■ AIM OF THE TASK: Below are the records; retype them exactly and omit each picture.

Image-caption web data:

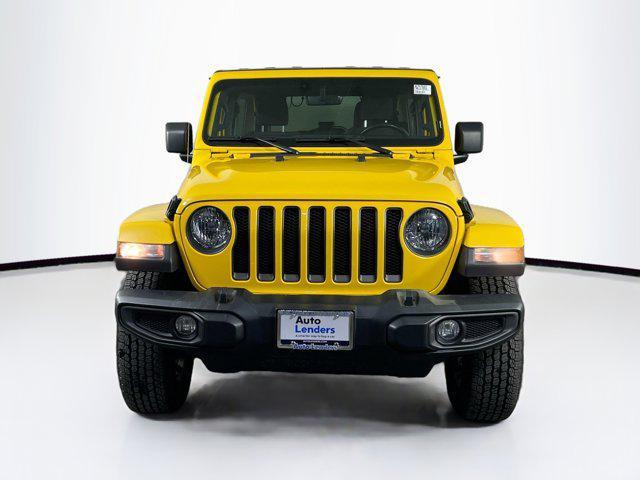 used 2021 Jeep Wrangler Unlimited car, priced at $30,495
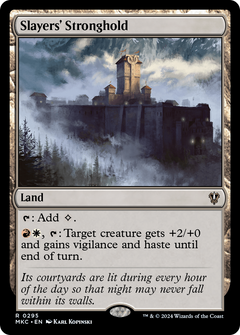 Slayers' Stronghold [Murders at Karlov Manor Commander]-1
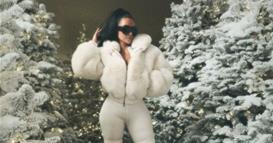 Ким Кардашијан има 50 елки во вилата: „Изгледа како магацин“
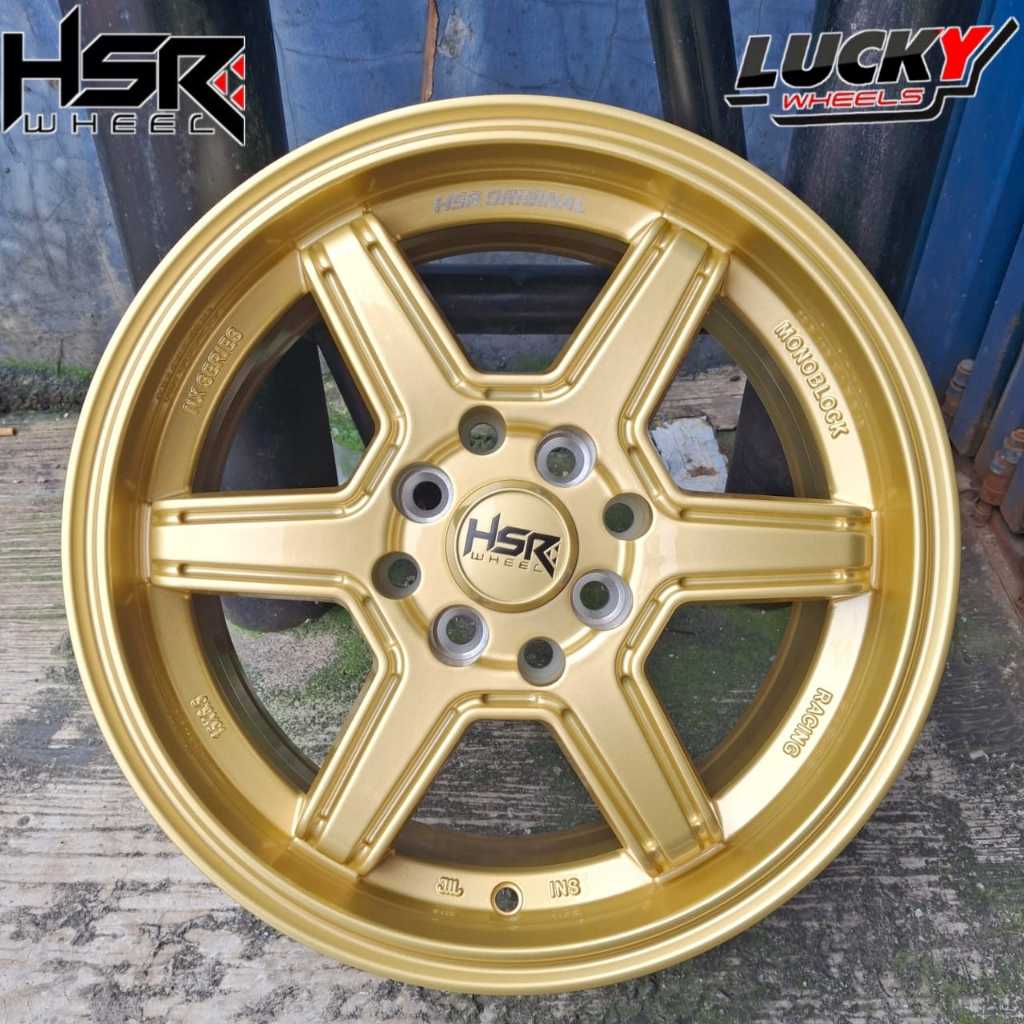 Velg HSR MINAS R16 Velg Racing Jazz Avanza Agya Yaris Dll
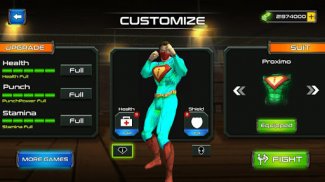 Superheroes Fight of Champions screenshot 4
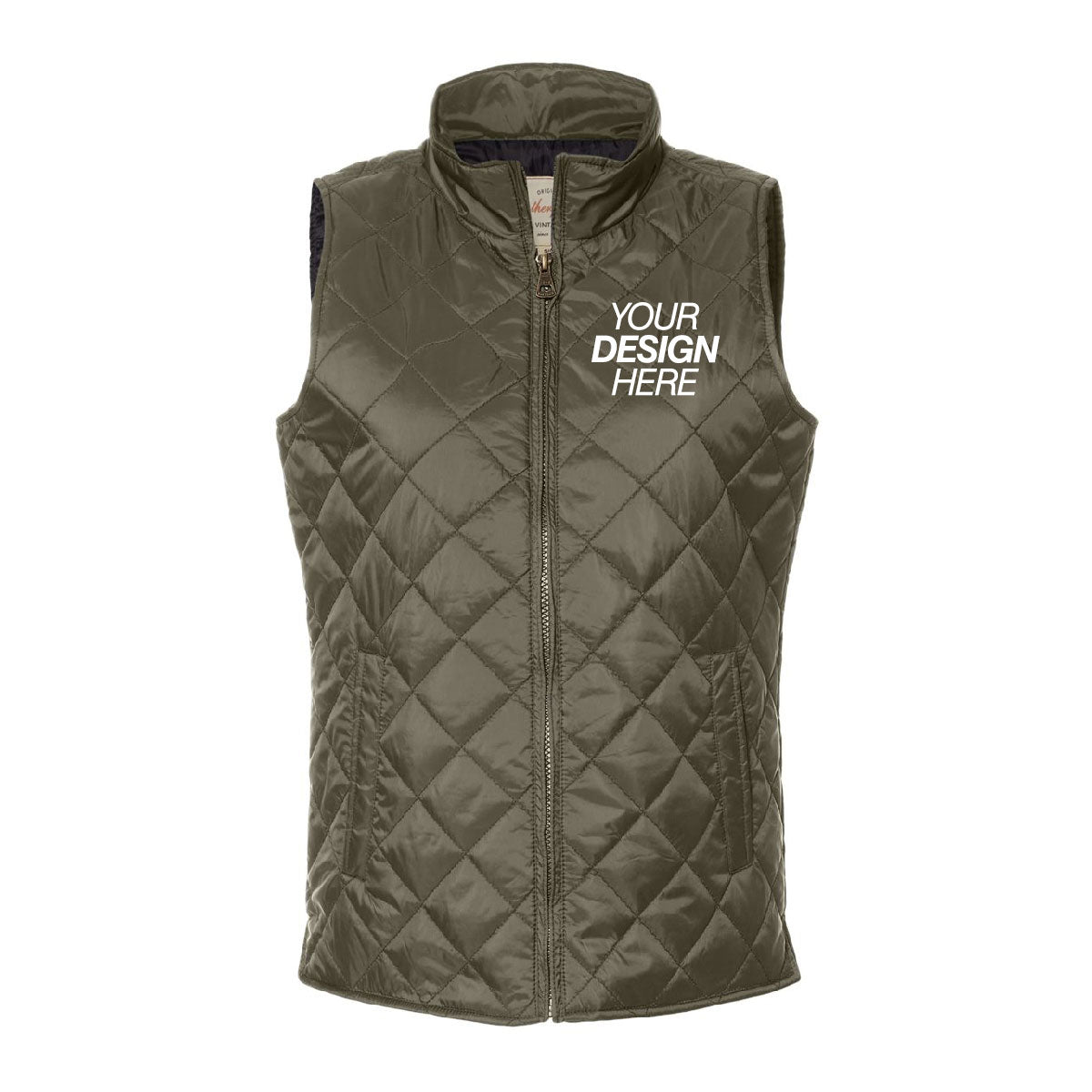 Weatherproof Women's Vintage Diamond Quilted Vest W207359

■ OUTPUT FOR THIS EXERCISE:
 used 2021 Jeep Wrangler Unlimited car, priced at $30,495
 Slayers' Stronghold [Murders at Karlov Manor Commander]-1
 Ким Кардашијан има 50 елки во вилата: „Изгледа како магацин“
 Velg HSR MINAS R16 Velg Racing Jazz Avanza Agya Yaris Dll
 Superheroes Fight of Champions screenshot 4
 Weatherproof Women's Vintage Diamond Quilted Vest W207359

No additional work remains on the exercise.